What Is a Story Point?
This often-asked question is really a trick—it doesn’t have an answer, and more importantly, that doesn’t matter! To see why, let’s look at a more common unit of measure: the inch. While you probably don’t know what it is, it would not surprise you that “inch” has a formal definition, an international standard. The international standard for an inch is exactly 0.0254 meters, which of course raises the question, what is the international standard definition of a meter? A meter is the length of the path travelled by light in a vacuum in 1/299792458 seconds. Now you know!
But when you use inches for practical purposes, the definition of an inch doesn’t usually matter. If I need to cut 10 pieces of wood that are each 5 inches long together with 4 pieces of wood that are each 11 inches long, an 8-foot-long board (96 total inches) is just about right, especially if my saw is sharp enough to make clean cuts.
Likewise, story points can be used to measure the total size of items on an agile backlog. Like the example of cutting wood, we do not need to answer the question, “what is a story point” to do that. A story assigned 5 story points is a smaller than one assigned 11 story points. If I have a 96 Story Point epic, when I break it down to individual stories, I may end up with 10 small stories that are 5 Story Points each and 4 larger stories that are 11 story points each.

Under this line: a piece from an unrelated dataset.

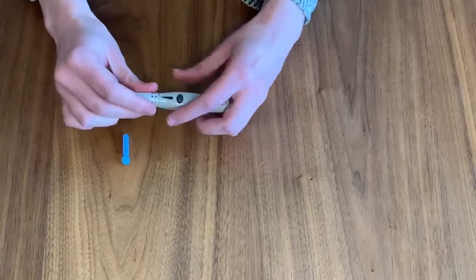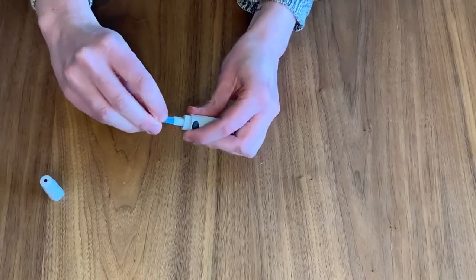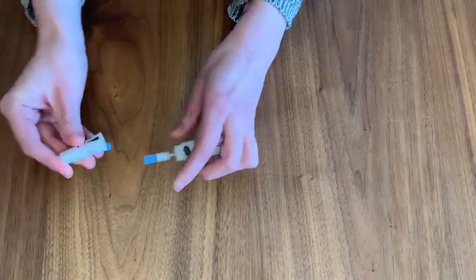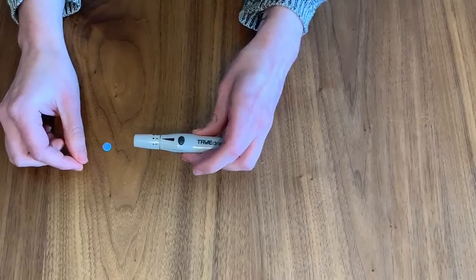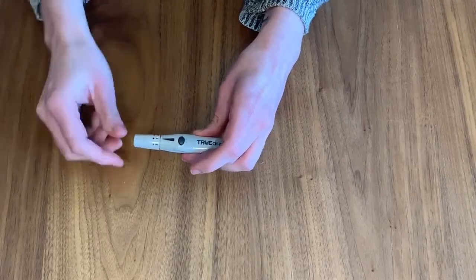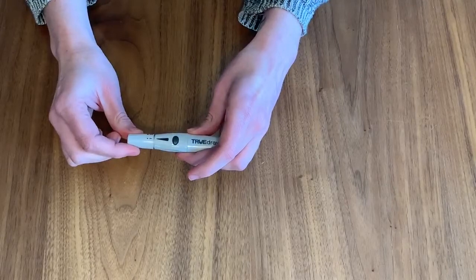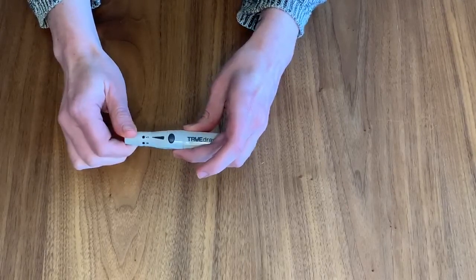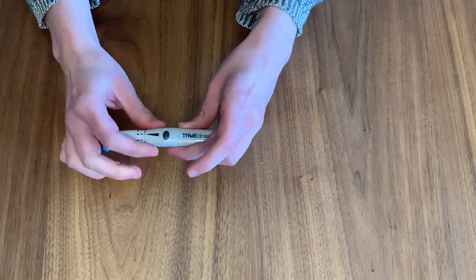We will begin by getting the lancing device ready. Remove the cap of the device and place a fresh lancet inside. Changing lancets regularly will help with comfort. A fresh lancet is sharper and more comfortable to poke your finger compared to a dull one. Then, select the depth you would like to use to poke your finger. Most at-home lancing devices come with an adjustable depth setting. One is typically the most shallow poke, and a higher number provides a deeper poke if fingertips are tough or calloused.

However, unlike measuring length in inches, there is no international standard to tell us how many story points to assign to any particular item. One team may assign a particular story 5 story points, and thus another comparable story also 5 story points, while assigning a third, larger story 11 story points. Another team, though, may assign exactly the same stories as 3, 3, and 7 story points. Both teams rate the first two stories the same as each other, while the third story is larger. The two teams agree on the relative size, but not how it’s quantitatively measured. Many authors have explained why, when using story points for iteration planning on a particular project, this idea of relative measurement is enough. The only consistency that’s needed for that purpose is within the team and the project. The members of the Agile Round Table found that some agile teams resented being asked to be consistent with other teams, wrongly (in our opinion) saying this goes against the agile principle that teams are self-governing.

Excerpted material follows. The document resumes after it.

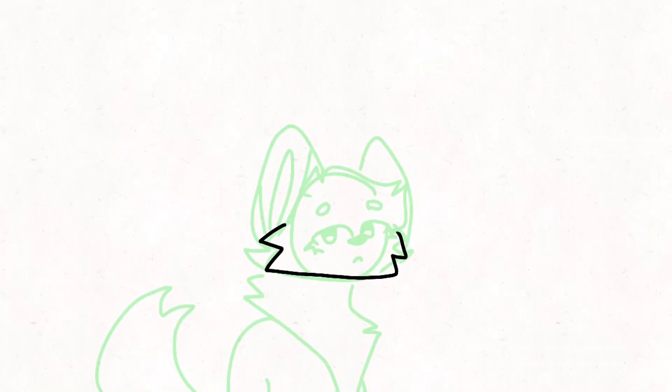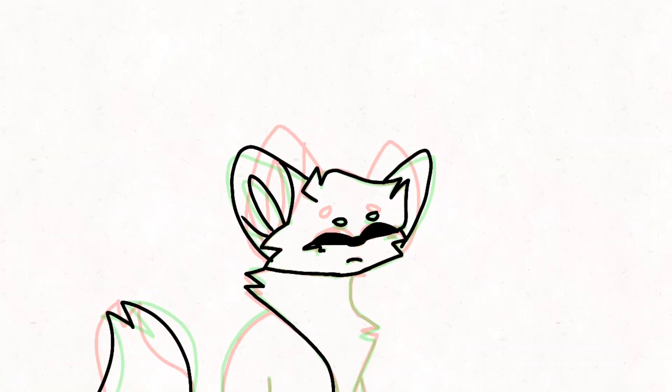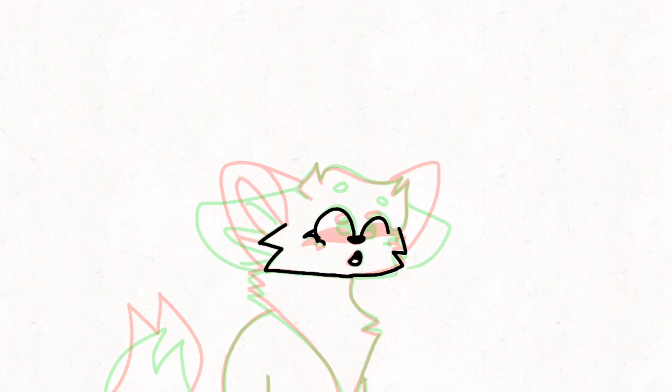So basically the new update is a speedpaint feature where you can watch the progress of the animation piece, which is so cool.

Since agile teams are already using story points, the Agile Round Table looked at how that can be extended to get the consistency across projects needed for release level estimation, without violating the self-governing nature of agile teams.
Choose a Set of Size Bins
One technique that promotes consistency is already in widespread use by agile teams. Many agile coaches recommend using a fixed set of size bins. Some use 1,2,4, 8, 16, 32 and so on. Some use a scale from 1 to 10. The Fibonnaci series, 2, 3, 5, 8, 13, 21 etc., is quite popular. This way, we don’t waste time discussing whether a story is 5 or 5 1/2 story points; we can put slightly different sized stories in the same bin. The members of the Agile Round Table confirmed that most of their teams were doing this.

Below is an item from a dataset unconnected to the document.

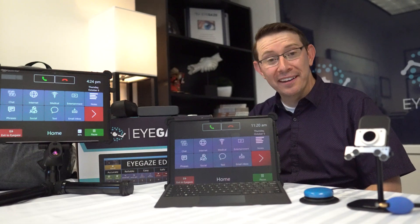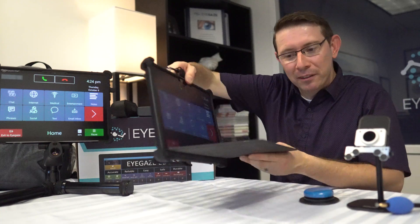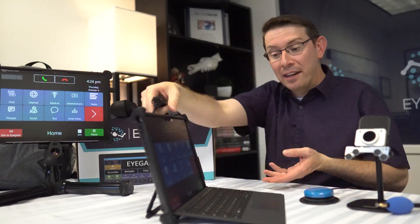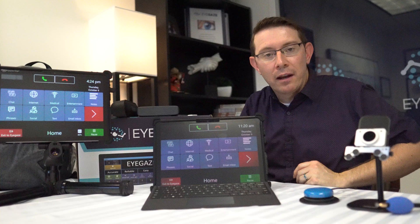We're excited to show you the new iGaze Edge product lineup. Here we have the iGaze Edge tablet in its new protective case. On the back you'll see it has a kickstand on the top, a nice carrying handle, and it comes with this detachable keyboard and mouse trackpad.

The SLIM-Estimate and SLIM-Collaborate template for Agile Story Point Estimation has an example of this:
In addition to bins for the detailed stories that get developed in each release, also settle on a set of bins for the “big rocks,” as described in the previous article in this series, Big Rock Estimation, in the section “Size Grounding.” Since release level estimation is often needed before many detailed stories have been defined, the items in the backlog you need to size may mostly fall into these larger bins.
Make sure the teams are clear that you are not asking for consistency just for the sake of consistency! Adopting a consistent set of size bins extends the work they are already doing for an additional needed purpose.
Once the advantages are explained, settling on a common scale and set of size bins throughout your organization promotes consistency without violating the principle of self-governing teams, and will likely be accepted by your organization.
Pick “Exemplar” Stories or Epics for Each Bin
For iteration planning, the goal of putting stories into the chosen size bins is that all stories from the project that are in the same bin are roughly the same size.
For release estimation, it's also important that stories in each size bin be roughly the same size regardless of which team or project did the estimating. This kind of consistency can be difficult to achieve, since normally the backlogs on different projects are not compared to one another, nor estimated by the same people at the same time.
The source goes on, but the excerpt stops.